Exchanges Blocking Bitcoin Withdrawals

Big news broke today that two major Chinese exchanges are blocking Bitcoin withdrawals: http://www.coindesk.com/two-chinas-biggest-exchanges-stop-bitcoin-withdrawals/

What does that mean, and should it affect how people are managing their Bitcoin assets?

What does that mean? The answer is that I’m not sure. But it’s important to understand that exchanges often don’t provide you with the tools needed to directly manage your bitcoins. Take Coinbase as an example. It’s a well-known, reliable U.S. exchange. I would happily use it to exchange fiat to bitcoins and vice versa. And I would happily use it to store a small amount of bitcoins.

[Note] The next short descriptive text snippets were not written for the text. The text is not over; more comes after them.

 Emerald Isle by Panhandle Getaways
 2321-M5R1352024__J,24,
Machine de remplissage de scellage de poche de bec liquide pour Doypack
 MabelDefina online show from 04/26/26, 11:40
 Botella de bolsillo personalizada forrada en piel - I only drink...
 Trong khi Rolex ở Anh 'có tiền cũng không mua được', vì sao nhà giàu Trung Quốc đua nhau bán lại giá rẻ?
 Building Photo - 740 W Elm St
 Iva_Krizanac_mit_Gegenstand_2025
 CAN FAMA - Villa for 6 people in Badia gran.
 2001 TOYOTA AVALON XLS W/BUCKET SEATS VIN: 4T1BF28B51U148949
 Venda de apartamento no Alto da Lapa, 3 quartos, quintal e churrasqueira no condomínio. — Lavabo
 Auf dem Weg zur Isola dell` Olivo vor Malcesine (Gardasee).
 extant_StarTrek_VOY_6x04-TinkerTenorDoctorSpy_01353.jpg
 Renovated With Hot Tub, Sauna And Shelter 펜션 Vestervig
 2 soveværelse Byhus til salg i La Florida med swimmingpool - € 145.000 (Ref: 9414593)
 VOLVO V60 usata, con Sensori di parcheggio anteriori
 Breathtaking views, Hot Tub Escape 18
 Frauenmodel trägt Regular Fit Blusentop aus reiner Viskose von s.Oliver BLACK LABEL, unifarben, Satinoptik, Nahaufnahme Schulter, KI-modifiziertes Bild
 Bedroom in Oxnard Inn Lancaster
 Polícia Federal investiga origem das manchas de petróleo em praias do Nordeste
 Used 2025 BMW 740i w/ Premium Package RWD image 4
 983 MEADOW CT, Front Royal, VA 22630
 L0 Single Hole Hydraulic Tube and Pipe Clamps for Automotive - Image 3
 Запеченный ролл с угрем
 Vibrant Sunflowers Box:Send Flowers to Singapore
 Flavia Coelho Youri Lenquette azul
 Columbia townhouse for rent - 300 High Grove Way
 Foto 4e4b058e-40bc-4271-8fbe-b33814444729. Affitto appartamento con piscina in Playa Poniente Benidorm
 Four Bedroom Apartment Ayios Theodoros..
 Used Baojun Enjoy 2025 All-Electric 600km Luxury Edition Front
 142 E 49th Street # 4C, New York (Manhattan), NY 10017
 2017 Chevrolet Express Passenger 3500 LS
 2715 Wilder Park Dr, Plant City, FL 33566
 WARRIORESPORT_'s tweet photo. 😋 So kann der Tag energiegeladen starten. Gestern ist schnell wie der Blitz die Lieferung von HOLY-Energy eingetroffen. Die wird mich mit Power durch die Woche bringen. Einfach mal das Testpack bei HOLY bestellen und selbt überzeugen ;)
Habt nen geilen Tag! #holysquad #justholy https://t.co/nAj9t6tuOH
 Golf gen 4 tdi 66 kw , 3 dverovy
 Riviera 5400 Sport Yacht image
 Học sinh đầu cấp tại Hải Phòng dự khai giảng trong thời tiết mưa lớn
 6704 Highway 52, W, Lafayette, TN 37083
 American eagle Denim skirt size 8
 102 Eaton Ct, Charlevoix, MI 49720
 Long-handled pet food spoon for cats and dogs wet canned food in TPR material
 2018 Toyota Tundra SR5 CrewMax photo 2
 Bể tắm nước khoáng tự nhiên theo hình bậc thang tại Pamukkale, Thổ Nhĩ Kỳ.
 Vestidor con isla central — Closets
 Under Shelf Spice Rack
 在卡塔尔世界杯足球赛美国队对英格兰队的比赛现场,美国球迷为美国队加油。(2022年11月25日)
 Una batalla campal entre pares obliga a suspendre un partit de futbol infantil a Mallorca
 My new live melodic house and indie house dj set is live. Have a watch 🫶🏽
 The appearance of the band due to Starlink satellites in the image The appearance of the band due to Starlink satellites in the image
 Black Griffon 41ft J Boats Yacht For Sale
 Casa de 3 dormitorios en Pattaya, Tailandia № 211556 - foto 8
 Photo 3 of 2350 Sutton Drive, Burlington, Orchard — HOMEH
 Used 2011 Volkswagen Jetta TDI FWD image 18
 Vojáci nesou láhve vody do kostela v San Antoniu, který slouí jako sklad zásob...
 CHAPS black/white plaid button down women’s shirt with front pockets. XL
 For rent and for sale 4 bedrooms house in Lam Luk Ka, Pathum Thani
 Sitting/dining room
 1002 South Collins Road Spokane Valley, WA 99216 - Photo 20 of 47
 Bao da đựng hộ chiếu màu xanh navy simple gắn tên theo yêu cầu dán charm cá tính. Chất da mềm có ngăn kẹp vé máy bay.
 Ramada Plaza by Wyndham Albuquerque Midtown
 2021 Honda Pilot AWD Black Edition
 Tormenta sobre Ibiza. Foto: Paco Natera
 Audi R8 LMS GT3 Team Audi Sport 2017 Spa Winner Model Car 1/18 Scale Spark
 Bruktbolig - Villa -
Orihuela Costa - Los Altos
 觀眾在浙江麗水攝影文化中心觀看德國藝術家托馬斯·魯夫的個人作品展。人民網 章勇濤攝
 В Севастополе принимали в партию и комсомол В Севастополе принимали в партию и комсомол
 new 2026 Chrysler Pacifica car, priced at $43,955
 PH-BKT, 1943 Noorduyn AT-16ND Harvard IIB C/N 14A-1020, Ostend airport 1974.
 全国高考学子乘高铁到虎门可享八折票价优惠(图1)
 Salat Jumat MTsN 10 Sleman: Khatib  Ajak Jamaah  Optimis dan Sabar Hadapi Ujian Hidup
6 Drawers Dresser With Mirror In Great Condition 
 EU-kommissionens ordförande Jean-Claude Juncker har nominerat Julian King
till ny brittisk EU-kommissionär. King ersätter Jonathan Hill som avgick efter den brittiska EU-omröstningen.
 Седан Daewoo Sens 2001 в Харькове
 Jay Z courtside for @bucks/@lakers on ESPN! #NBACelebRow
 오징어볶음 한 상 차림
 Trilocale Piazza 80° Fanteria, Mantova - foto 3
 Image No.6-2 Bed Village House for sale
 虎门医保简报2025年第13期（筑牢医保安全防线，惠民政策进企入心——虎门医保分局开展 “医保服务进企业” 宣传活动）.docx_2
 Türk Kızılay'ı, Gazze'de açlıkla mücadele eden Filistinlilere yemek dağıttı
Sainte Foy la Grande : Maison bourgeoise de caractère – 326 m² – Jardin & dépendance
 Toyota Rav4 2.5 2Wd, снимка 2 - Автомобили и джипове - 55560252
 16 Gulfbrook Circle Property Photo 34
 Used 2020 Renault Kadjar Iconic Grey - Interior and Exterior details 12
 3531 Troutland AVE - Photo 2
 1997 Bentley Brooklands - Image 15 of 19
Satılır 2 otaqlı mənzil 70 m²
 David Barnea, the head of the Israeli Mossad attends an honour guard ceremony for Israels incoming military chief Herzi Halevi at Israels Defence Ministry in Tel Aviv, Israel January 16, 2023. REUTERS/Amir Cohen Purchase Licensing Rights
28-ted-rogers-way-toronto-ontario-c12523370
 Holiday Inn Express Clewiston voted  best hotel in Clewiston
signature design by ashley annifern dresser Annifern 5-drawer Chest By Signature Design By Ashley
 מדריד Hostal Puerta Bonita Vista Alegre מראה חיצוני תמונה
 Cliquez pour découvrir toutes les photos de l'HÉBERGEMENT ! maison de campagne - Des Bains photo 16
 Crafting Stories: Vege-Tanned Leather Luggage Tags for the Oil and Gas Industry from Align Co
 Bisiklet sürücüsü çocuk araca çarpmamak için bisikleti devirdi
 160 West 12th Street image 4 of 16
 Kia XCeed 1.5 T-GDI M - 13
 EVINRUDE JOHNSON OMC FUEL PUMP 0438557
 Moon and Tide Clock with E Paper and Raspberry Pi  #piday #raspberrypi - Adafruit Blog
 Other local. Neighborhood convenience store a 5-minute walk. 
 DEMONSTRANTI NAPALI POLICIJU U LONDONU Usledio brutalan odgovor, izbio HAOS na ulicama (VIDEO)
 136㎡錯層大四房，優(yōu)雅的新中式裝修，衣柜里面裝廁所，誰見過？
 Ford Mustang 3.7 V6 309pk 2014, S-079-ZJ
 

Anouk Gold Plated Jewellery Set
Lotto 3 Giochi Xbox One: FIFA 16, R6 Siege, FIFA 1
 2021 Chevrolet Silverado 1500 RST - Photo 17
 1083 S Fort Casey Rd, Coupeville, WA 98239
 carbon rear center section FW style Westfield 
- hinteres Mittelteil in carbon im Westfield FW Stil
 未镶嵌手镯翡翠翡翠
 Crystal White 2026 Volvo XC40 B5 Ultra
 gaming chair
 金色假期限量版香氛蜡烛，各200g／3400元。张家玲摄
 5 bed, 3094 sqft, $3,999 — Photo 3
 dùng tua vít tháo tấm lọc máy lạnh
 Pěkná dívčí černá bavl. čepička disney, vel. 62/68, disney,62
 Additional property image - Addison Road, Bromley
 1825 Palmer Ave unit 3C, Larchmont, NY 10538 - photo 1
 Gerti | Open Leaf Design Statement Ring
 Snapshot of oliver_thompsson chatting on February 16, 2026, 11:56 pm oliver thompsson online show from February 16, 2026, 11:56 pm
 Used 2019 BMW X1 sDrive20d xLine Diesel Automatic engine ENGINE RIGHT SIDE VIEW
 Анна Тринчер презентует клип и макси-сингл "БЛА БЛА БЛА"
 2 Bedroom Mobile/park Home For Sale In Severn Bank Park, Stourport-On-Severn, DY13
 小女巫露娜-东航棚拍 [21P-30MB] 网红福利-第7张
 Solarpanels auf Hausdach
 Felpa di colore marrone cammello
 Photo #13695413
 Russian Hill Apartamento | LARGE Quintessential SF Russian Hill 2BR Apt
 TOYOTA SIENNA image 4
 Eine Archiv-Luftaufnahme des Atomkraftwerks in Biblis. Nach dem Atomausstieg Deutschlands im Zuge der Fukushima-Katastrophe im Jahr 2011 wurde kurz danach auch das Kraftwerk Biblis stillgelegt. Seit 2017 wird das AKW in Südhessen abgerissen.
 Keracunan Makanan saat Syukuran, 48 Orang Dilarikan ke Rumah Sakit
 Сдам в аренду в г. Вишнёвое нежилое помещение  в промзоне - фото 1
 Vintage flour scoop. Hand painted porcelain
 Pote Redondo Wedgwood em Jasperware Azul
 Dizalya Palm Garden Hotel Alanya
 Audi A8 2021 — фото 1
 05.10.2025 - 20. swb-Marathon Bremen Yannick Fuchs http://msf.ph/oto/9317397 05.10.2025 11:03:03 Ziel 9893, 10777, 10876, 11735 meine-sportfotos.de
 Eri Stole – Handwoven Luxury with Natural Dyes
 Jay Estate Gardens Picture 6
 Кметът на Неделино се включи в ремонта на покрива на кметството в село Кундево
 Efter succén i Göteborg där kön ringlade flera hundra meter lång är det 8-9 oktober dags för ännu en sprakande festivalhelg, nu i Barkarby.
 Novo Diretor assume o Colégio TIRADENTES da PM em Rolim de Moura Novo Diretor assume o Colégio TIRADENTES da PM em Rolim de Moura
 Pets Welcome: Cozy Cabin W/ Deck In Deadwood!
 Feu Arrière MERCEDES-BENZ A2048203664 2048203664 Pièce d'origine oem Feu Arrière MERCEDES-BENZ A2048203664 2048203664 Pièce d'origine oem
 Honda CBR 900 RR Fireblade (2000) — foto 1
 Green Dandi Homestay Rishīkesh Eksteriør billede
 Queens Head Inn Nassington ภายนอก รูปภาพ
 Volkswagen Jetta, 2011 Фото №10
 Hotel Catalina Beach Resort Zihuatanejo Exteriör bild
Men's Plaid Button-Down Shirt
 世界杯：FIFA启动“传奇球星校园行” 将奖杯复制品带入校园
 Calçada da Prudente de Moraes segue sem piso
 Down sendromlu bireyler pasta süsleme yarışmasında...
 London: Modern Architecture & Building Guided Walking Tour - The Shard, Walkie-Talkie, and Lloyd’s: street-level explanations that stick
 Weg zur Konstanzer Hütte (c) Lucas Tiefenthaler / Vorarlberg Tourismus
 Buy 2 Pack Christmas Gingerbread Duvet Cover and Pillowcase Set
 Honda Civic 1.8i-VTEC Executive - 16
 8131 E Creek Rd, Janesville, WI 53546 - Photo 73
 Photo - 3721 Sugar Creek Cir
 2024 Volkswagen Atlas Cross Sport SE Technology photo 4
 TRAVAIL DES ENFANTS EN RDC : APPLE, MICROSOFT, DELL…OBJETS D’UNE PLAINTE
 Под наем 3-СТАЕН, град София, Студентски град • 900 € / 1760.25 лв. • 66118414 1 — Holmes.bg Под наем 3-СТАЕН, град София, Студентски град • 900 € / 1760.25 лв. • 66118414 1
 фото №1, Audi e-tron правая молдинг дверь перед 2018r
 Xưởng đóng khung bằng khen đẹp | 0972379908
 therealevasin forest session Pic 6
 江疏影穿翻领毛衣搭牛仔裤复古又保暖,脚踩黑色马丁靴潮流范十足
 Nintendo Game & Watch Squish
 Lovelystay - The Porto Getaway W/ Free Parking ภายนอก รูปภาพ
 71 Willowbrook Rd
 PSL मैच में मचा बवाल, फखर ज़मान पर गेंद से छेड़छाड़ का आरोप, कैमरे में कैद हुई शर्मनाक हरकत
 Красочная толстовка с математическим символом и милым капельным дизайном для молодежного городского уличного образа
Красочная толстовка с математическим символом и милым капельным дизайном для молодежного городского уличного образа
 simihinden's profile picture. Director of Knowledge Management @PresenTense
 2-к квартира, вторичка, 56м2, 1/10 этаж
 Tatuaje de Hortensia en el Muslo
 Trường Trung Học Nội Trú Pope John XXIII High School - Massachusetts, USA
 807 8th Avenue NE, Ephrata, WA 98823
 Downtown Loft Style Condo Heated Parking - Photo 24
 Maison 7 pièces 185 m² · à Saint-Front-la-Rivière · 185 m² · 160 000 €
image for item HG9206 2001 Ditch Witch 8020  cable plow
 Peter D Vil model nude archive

But it’s important to understand that Coinbase can deny you the ability to withdraw your bitcoins at any time. Coinbase provide “wallet addresses” to which bitcoins can be sent. Behind the scenes, Coinbase will (usually) make sure that bitcoins sent to these addresses get credited to your account. But these are not always public keys on the blockchain. More importantly, you do not have your private key. You cannot sign transactions or withdraw bitcoins if Coinbase doesn’t want you to do it.

 

Should it affect how people are managing their Bitcoin assets? It depends. There are advantages to exchanges. But I think most Bitcoin assets should be in hardware wallets. For corporate assets, they should be in hardware multi-sig wallets, which I’ll discuss in a future post.